Matisse s’incline devant ses sujets, les formes et les couleurs sont idéalisées et tendent à l’atteinte d’un idéal, qu’on pourrait peut-être qualifier de suprasensible en tant que celui-ci dépasse le réel en l’exagérant. Cette admiration et cette dévotion spirituelles du peintre se ressentiront dans un grand nombre de toiles postérieures à La joie de vivre et notamment dans Luxe I (1907) ci-dessous, tableau dans lequel on peut voir une femme nue qui, telle la Vénus de Botticelli, surgit des eaux et attend la louange, elle-même incarnée par deux personnages, l’un incliné à ses pied, et l’autre offrant un bouquet de fleurs à la divinité.

Luxe I, 1914

Le jeu des symboles s’intensifie par la suite. En 1909-1910, Matisse réalise deux compositions majeures : La danse (1909) et La musique (1910). Les thèmes, déjà abordés dans La joie de vivre quatre ans plus tôt sont alors isolés et amplifiés. Matisse, dans une volonté de partager son idée particulière de l’espace pictural, une idée hautement spirituelle et symbolique, prend le temps de découper la présentation des différents sujets, des différents symboles afin d’en exposer la grandeur : le thème de la musique et le thème de la danse, auparavant réunis sont ici séparés, le but étant de démontrer l’importance de chaque sujet. Les deux compositions sont sobres et semblables dans les couleurs utilisées et les positions des personnages. Cependant, le rythme des œuvres est très particulier et lourd de sens.

La danse, 1909
La musique, 1910

Dans le premier tableau, on reconnait la composition au troisième plan dans La joie de vivre, mais dont les proportions sont devenues monumentales (260x391cm) : La danse représente une ronde joyeuse entre cinq personnages dont on ne perçoit pas les visages (sauf d’un), et dont la composition rythmée indique qu’ils tournent dans le sens des aiguilles d’une montre. En plus d’être une représentation simple et heureuse, elle aussi métaphorique : la toile représente, plus qu’une farandole, le cours du temps. La vie, tantôt lente, ponctuée d’instants de flottement représentés par les deux personnages de gauche ; tantôt rapide et active (deux personnages de droite). Et parfois, une rupture, un déchirement du rythme de vie (un drame, la mort…) représenté par le personnage au premier plan qui semble trébucher et manquer la main de son compagnon de gauche.

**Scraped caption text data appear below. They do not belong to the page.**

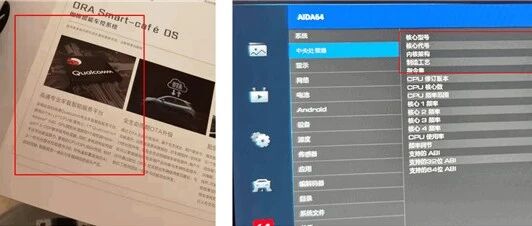 小姐姐狂怼车媒 质疑洗白欧拉好猫被喷惨！！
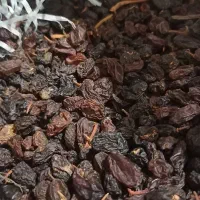 کشمش مویز بیدانه ترکمن ابگیری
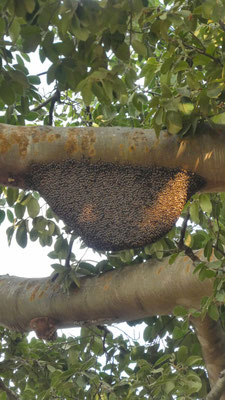 im Urwaldtempel Ta Prohm - ein Wildbienennest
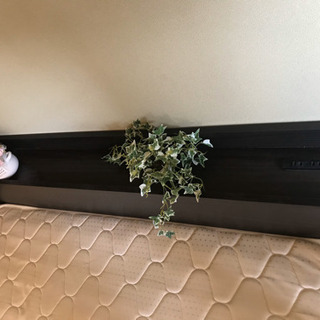 ベッドフレーム マットレス付き ダブ棚コンセント付きフロアベッド mon ange モナンジェ スタンダードボンネルコイルダブル おすすめ ローベット の画像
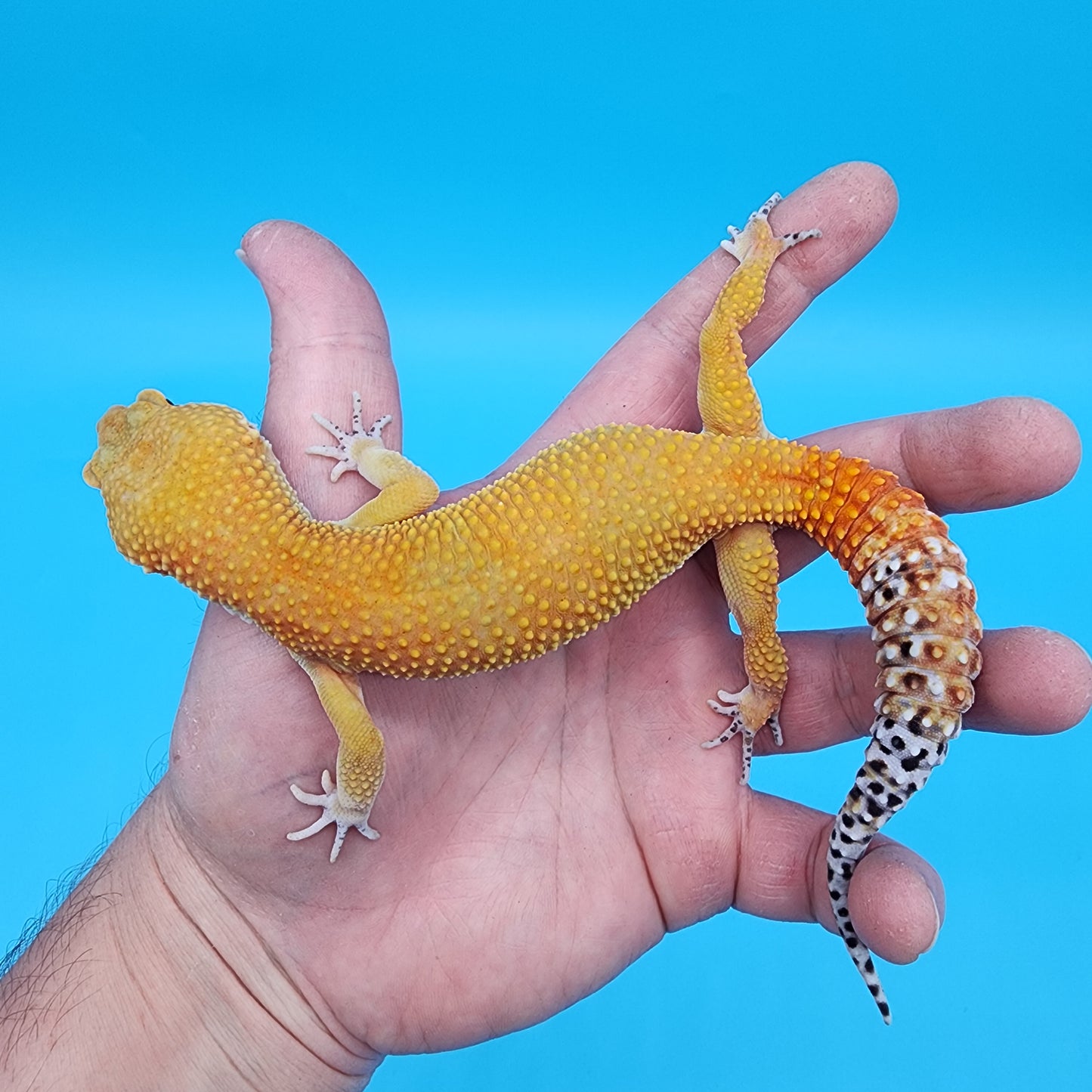 Male Tangerine Tornado Blood pos het Bell Albino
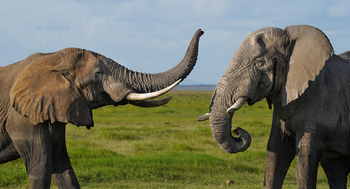 Elewana Tortilis Camp: Elefanten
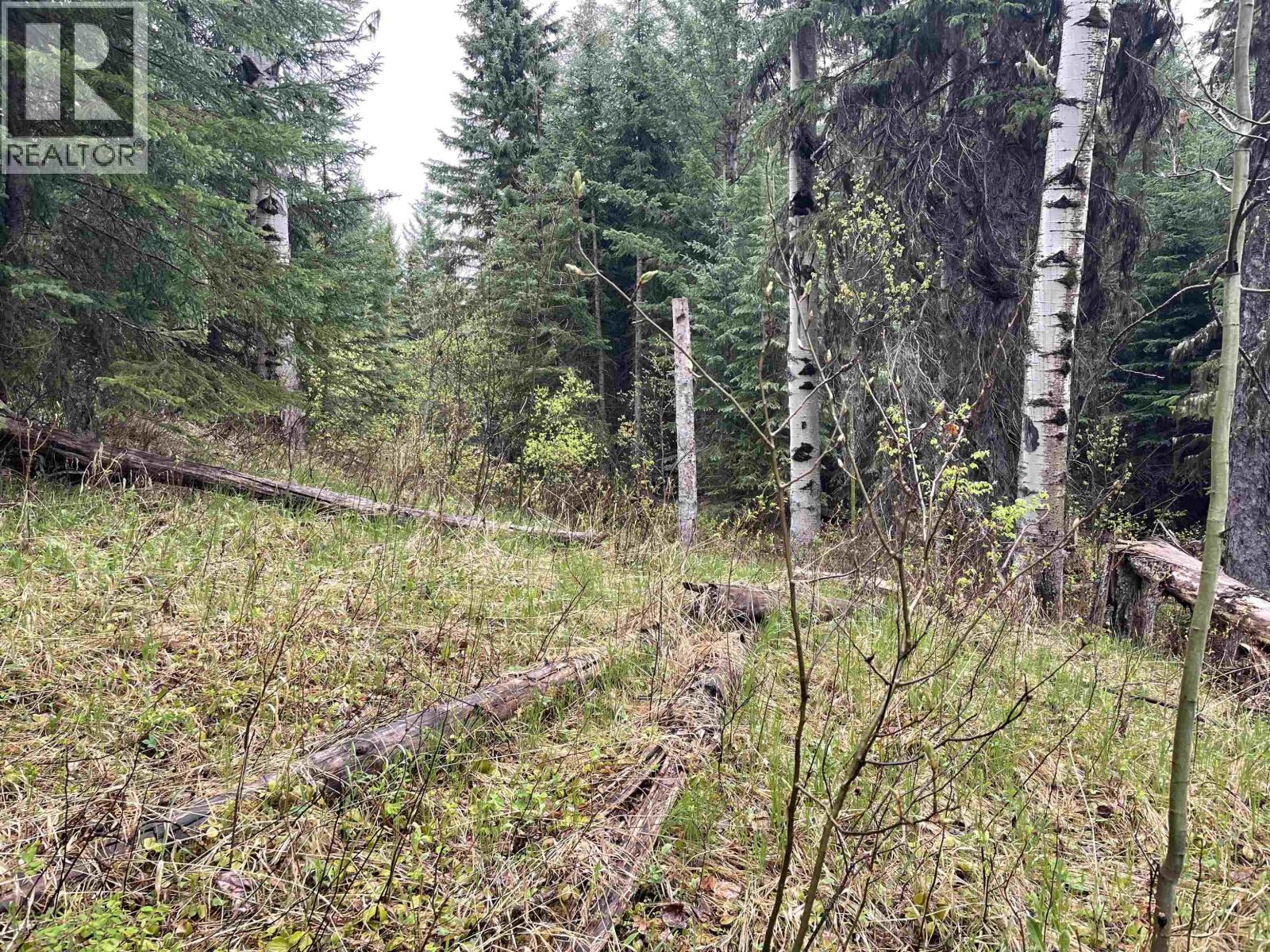 Lot 1 Little Fort 24 Highway Property Photo 23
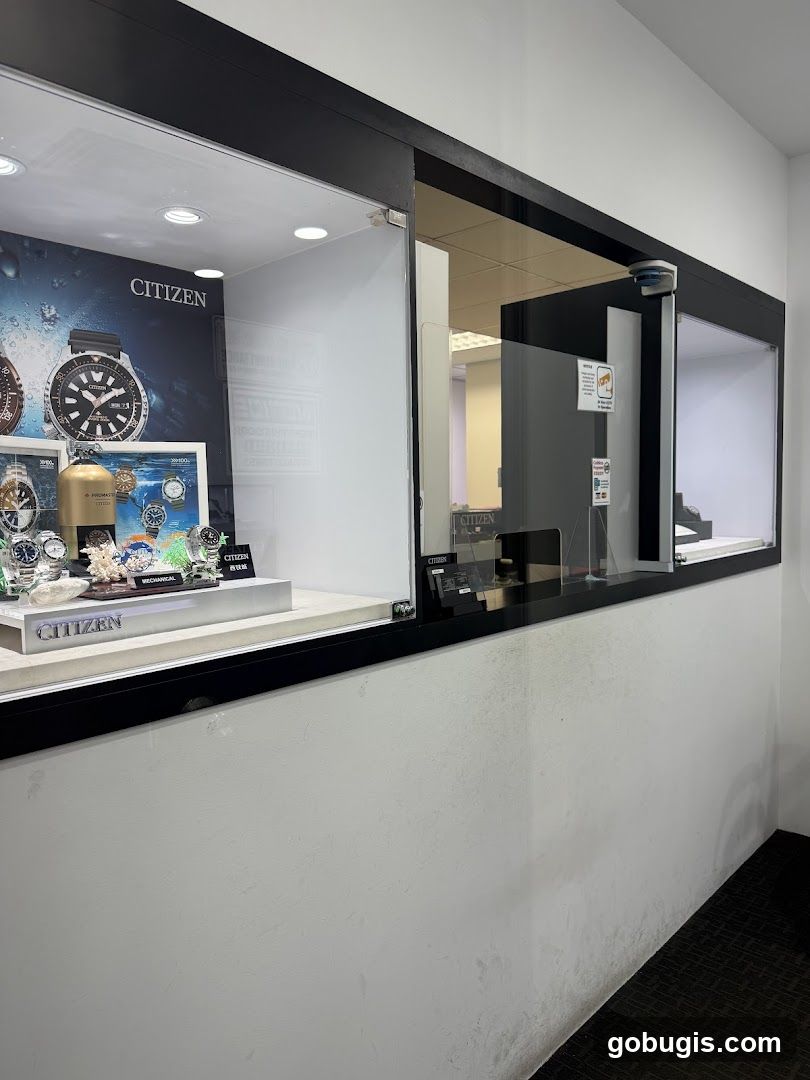 Citizen Watch Display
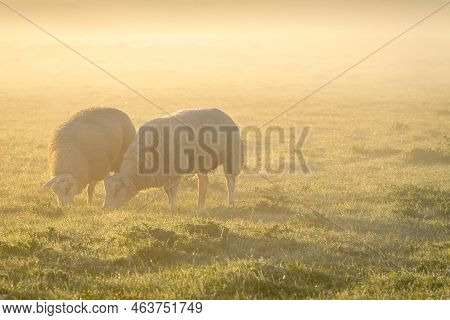 Sheeps In The Morning Fog Of The Farm Fields, T Woudt The Netherlands.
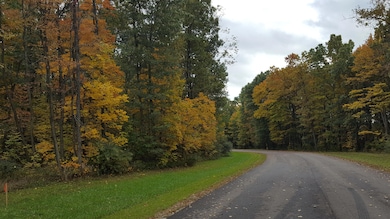 859 Greystone Dr unit 13, Chelsea, MI 48118 - photo 4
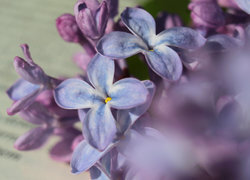 Oryginalny obrazek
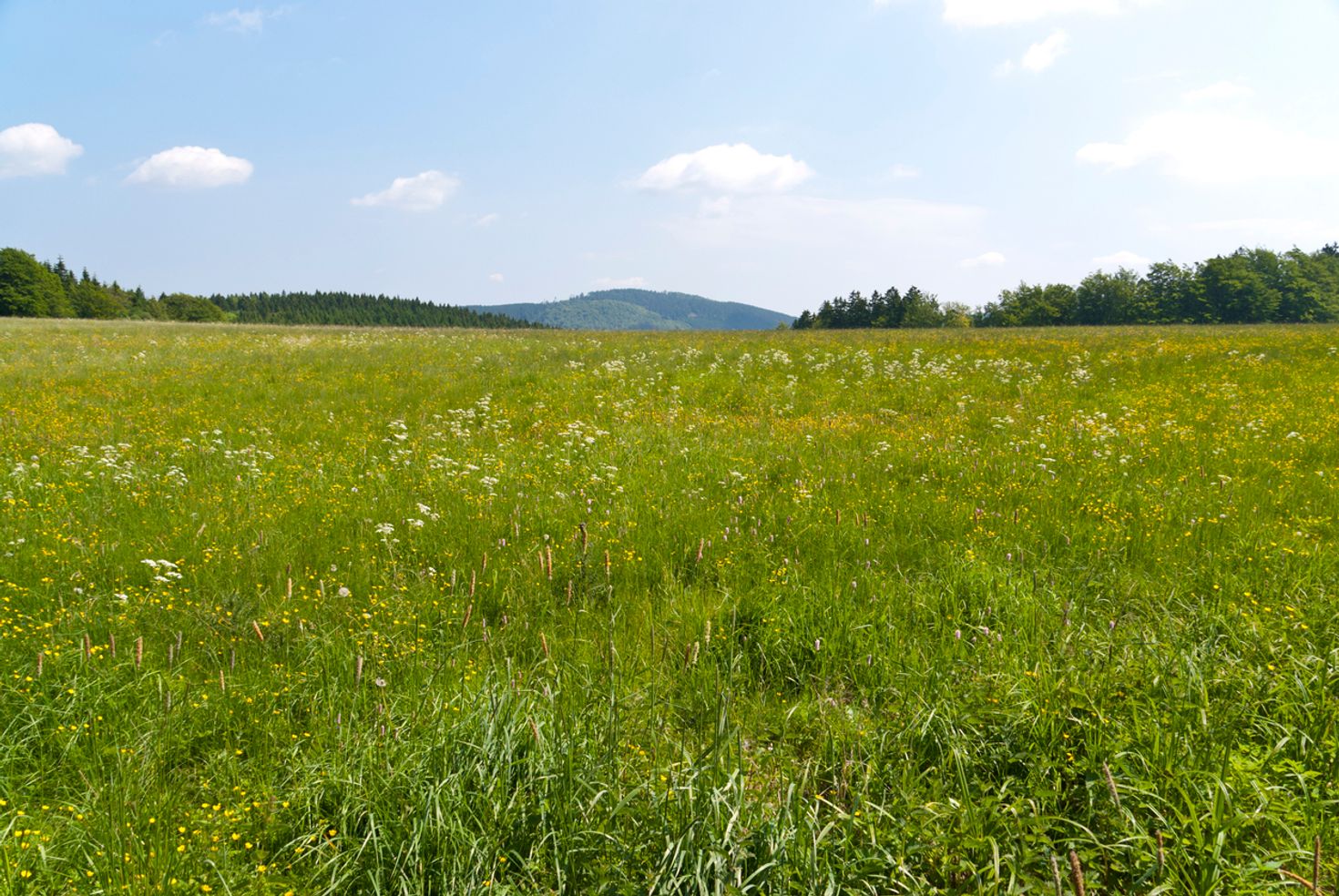 Meadow on the Rennsteig hiking trail in Germany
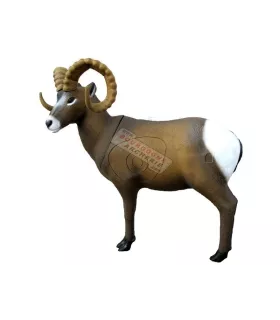 Rocky Mountain Sheep SRT 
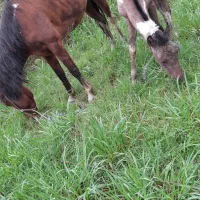 مادیان سال چهار با کره نریان ابلغ|اسب و تجهیزات اسب‌سواری|آستانه اشرفیه, |دیوار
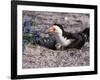 Black Skimmer, Texas, USA-Dee Ann Pederson-Framed Photographic Print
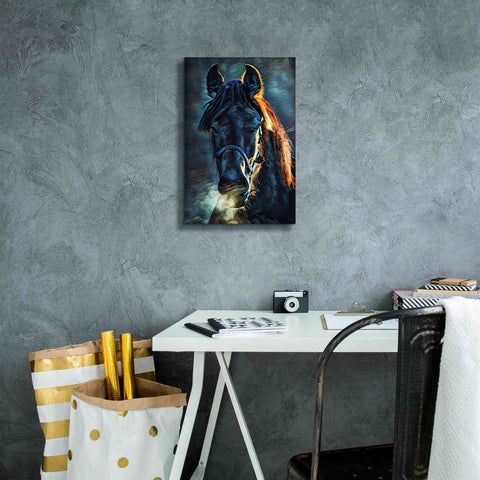 Image of 'Black Stallion Stare 1' by Ashley Aldridge Giclee Canvas Wall Art,12 x 18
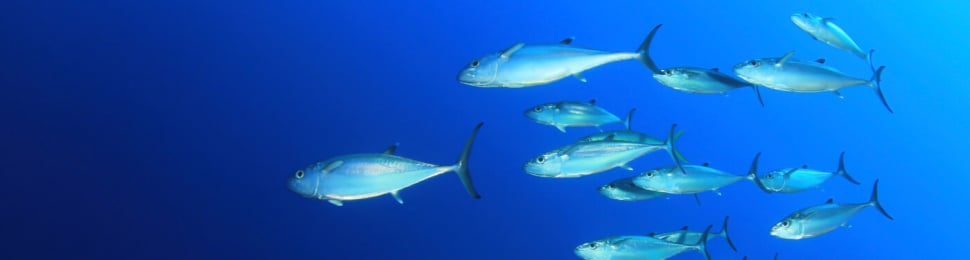 School of Tuna Fish in the Ocean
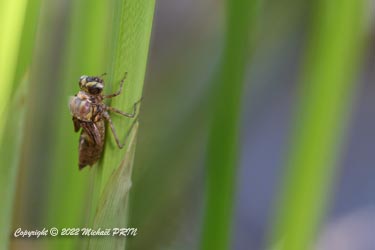9h36, la carapace se fend pour laisser apparaître le synthorax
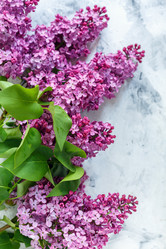 Similar image 19777225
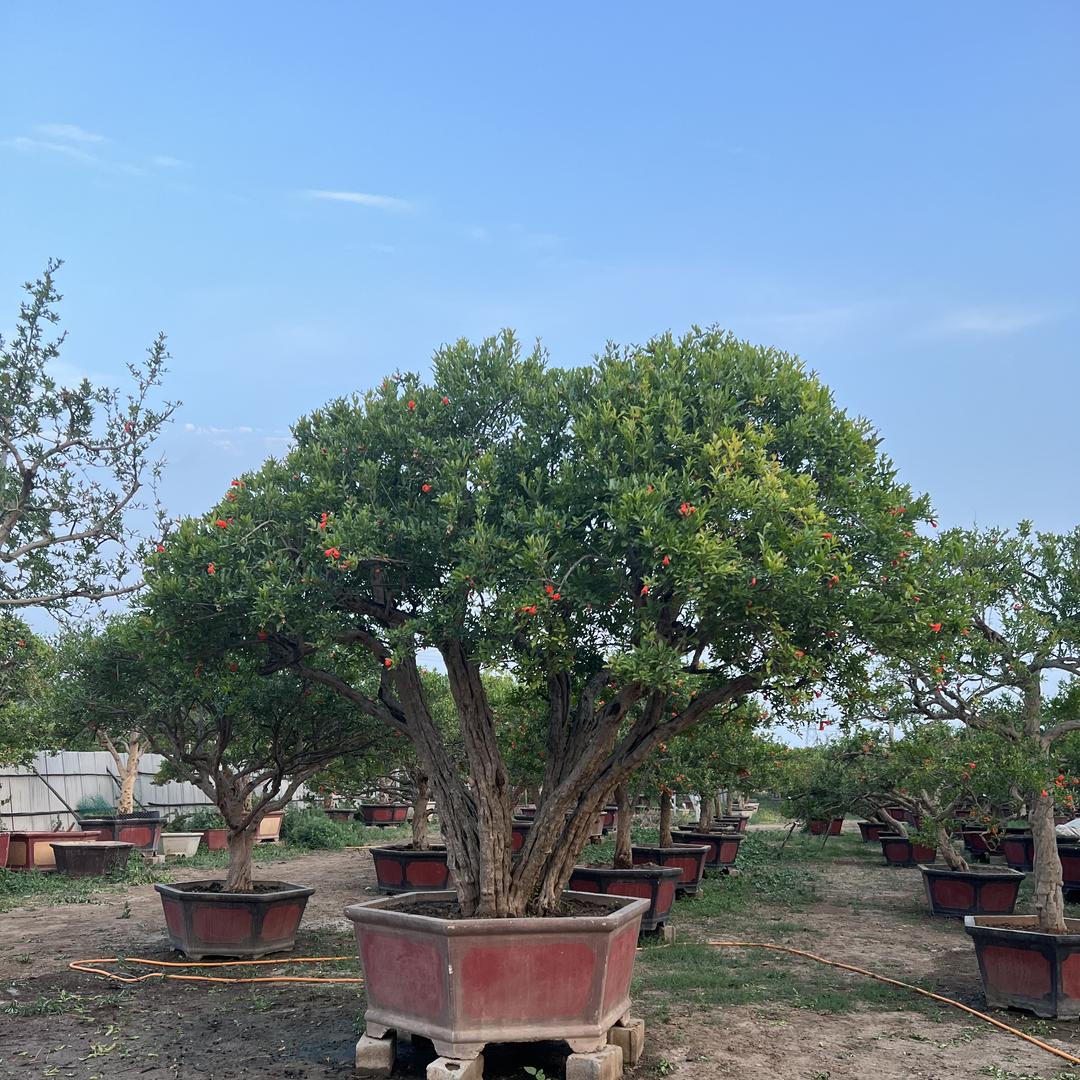 安同果树苗木专营店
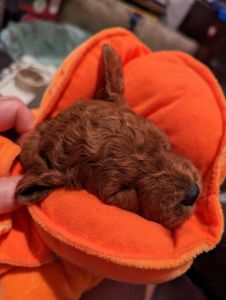 Therapeutic & hypoallergenic dogs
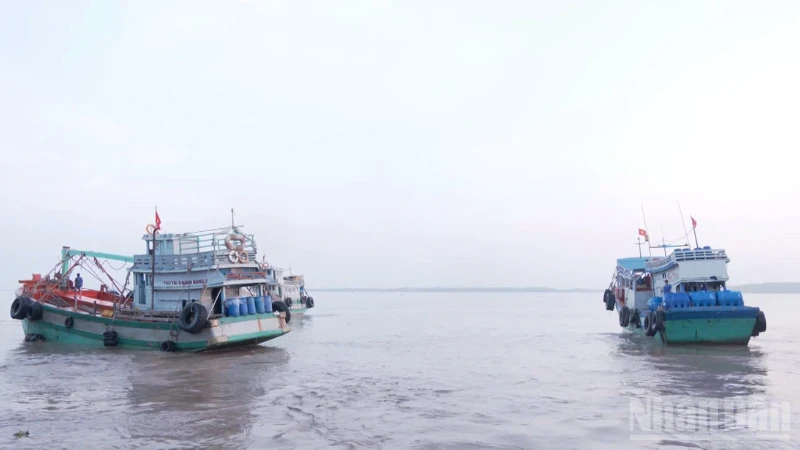 Cần Thơ siết quản lý, hướng đến phát triển bền vững ngành thủy sản Cần Thơ siết quản lý, hướng đến phát triển bền vững ngành thủy sản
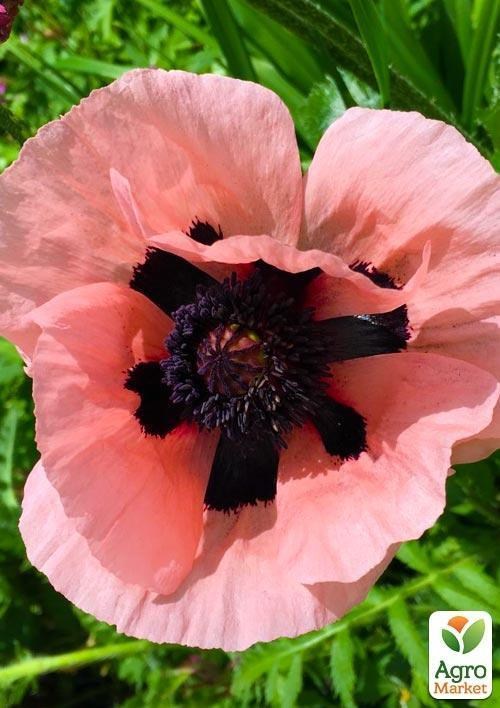 Мак "Prinzession Viktoria Luise"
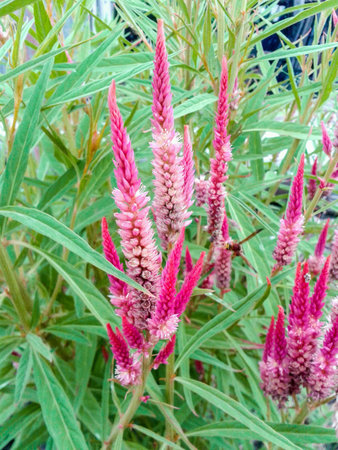 Cockstomb flower or Celosia argentea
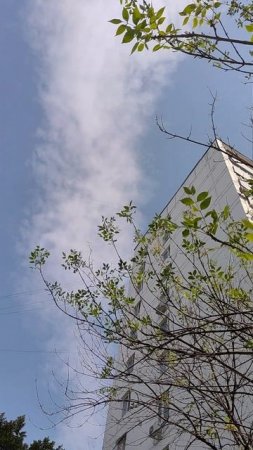 У боли есть свои цвета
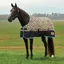 Saxon Defiant 600D Standard Neck 200g Turnout Blanket - Leopard Print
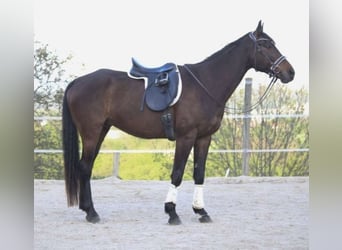 Kisber, Gelding, 12 years, 16.1 hh, Brown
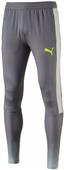 Puma Evotrg Mens Tech Soccer Pants Puma Evotrg Mens Tech Soccer Pants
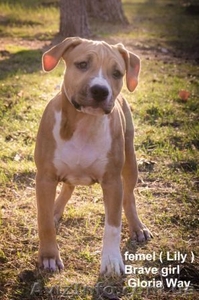 Высокопородные щенки американского стафф терьера  #1070997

Le deuxième tableau est plus original (entendons ici nouveau) présente une composition par certains aspects similaire, et par d’autres absolument différente. On retrouve les mêmes tons : bleu pour le ciel, vert pour le sol (ce qui indique un milieu extérieur) et les mêmes teintes rouges pour les personnages qui sont, ici aussi, cinq. Cependant, les cinq personnages sont fixes, aucun mouvement ne les anime, et sont positionnés sur des lignes parallèles différentes : le premier et le cinquième sont sur la même, et les trois personnages du milieu sont seuls sur leur ligne. Les premier et deuxième personnages jouent d’un instrument de musique et accompagnent les autres personnages qui semblent chanter. La composition du tableau est, à mon sens, très intéressante et intelligente :  les cinq personnages sont disposés tels des notes sur une partition (sur laquelle il y a cinq lignes). Si nous raisonnons comme cela, nous pouvons en déduire une mélodie abstraite qui « monte » avant de « redescendre » brusquement.

A ces deux compositions succède une période sans création véritablement marquante de l’artiste, cependant on peut observer la récurrence d’un phénomène qui le poursuivra toute sa vie : l’oscillation entre représentation du réel ou de l’imaginaire. Suite à la création des deux tableaux précédents donc, Matisse peindra plusieurs autres tableaux qui eux s’encreront à l’inverse dans le réel (en tant qu’ils représentent quelque chose de réel). On peut citer La famille de peintre (1911), tableau sur lequel on peut voir représentés les trois enfants et la femme de Matisse.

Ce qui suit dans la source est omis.